Performance = Ability + (Culture x Size of Company)
After 15 years of working professionally across many companies and two continents, today I see ability as an important but incomplete condition for performance. The culture of the company plays a much bigger role in the performance of each individual, and this part gets bigger as the company gets bigger. For example – In a small startup of 5 people, the performance of an individual will mostly be determined by their ability. If they can work on improving their ability, their performance increases by a similar margin. However, as the company gets bigger, the culture component gets bigger and has a major impact on performance. In a hundred or a thousand-person company, the impact of culture will be huge compared to the impact of the individual’s ability.

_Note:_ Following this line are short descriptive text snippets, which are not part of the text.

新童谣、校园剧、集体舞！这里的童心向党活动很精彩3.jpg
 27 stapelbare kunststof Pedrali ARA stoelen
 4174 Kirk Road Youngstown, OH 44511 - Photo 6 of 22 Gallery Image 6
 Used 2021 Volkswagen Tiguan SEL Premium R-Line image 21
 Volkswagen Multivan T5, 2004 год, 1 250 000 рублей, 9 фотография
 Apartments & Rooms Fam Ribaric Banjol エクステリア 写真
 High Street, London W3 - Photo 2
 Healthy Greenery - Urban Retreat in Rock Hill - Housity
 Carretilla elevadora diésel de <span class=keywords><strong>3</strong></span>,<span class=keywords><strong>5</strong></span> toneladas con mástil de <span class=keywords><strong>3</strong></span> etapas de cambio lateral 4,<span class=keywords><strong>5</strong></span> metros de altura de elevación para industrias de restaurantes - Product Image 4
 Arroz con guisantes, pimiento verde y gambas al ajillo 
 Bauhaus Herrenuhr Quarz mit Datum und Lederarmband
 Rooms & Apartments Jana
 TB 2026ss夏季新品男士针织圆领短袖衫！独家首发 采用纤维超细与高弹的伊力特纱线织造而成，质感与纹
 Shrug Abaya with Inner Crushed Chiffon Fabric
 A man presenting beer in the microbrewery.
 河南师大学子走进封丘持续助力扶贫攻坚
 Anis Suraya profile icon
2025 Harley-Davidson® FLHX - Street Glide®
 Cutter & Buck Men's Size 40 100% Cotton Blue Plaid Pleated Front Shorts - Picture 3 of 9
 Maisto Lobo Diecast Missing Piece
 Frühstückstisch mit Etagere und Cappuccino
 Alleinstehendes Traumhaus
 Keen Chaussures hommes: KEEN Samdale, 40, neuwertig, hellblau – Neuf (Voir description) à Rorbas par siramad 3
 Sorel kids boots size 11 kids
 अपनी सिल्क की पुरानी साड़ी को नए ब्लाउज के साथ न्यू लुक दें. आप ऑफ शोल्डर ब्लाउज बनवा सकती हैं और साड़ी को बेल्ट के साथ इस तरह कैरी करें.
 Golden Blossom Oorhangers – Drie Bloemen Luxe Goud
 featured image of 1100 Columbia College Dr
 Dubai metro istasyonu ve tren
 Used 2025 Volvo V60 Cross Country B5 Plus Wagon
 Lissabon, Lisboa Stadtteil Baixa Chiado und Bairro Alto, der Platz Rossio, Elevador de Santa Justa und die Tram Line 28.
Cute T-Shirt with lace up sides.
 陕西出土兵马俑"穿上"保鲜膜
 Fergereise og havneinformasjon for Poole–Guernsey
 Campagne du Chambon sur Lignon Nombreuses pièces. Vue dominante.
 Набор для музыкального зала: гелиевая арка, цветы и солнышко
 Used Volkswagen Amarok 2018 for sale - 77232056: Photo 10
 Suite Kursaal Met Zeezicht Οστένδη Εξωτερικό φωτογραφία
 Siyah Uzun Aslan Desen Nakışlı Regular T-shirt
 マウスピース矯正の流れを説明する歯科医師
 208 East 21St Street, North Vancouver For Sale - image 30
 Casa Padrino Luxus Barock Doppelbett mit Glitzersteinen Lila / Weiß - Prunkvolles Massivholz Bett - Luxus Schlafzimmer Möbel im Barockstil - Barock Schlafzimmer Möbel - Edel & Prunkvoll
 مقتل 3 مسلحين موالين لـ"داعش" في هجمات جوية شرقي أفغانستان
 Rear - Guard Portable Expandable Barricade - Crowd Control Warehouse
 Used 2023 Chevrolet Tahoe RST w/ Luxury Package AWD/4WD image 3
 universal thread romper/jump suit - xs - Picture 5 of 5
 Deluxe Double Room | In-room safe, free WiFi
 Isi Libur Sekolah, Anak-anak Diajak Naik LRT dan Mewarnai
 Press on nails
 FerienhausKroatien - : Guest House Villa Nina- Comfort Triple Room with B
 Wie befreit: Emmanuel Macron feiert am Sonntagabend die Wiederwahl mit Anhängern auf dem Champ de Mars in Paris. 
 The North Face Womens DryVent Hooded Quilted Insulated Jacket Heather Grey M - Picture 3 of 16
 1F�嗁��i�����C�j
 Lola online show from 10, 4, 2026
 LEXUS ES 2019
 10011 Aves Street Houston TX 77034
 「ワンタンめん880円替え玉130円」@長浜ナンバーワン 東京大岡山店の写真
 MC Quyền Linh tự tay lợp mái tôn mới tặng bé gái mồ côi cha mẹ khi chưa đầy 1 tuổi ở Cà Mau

If you were wondering what caused the Taj Mahal Hotel’s employees to put themselves in front of bullets, it was the culture the Tata group has managed to form over the 150 odd years of its existence. It was certainly not a part of their job requirement that day, and everybody would have understood if they had cared for their own safety first. As the hotel’s general manager said, “Every team member at the Taj felt that their house was being attacked. When our house is attacked, what do you do? You defend it and whoever is there inside. The family values that we all believe in are part of our corporate culture in the Tatas… The Tatas truly exhibit that the organization has a soul. I am very very proud that I work for them.”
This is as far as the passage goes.